DESCRIPTION OF THE TASK — Output only the lines below from the one containing "Bah Humbug Bulldog" to the one containing "A set of neon", exactly as written, both ends kept.

RECORDED INFORMATION —
§ §
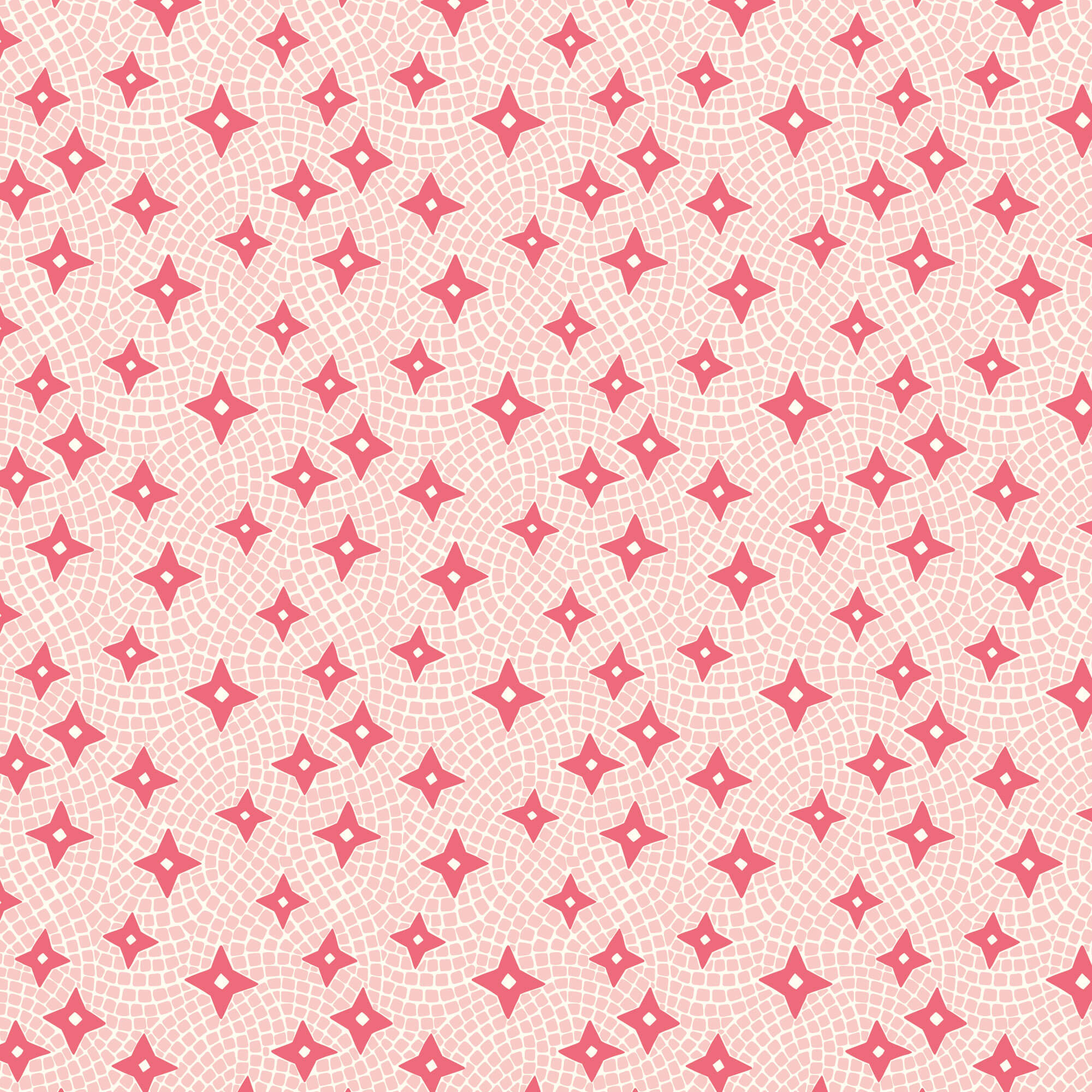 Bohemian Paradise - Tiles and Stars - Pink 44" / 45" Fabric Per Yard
§ §
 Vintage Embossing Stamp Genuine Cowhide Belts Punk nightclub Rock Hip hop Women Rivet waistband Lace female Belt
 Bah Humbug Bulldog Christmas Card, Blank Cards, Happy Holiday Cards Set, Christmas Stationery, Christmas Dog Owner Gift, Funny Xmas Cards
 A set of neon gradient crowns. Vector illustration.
§ §
RESPONSE —
 Bah Humbug Bulldog Christmas Card, Blank Cards, Happy Holiday Cards Set, Christmas Stationery, Christmas Dog Owner Gift, Funny Xmas Cards
 A set of neon gradient crowns. Vector illustration.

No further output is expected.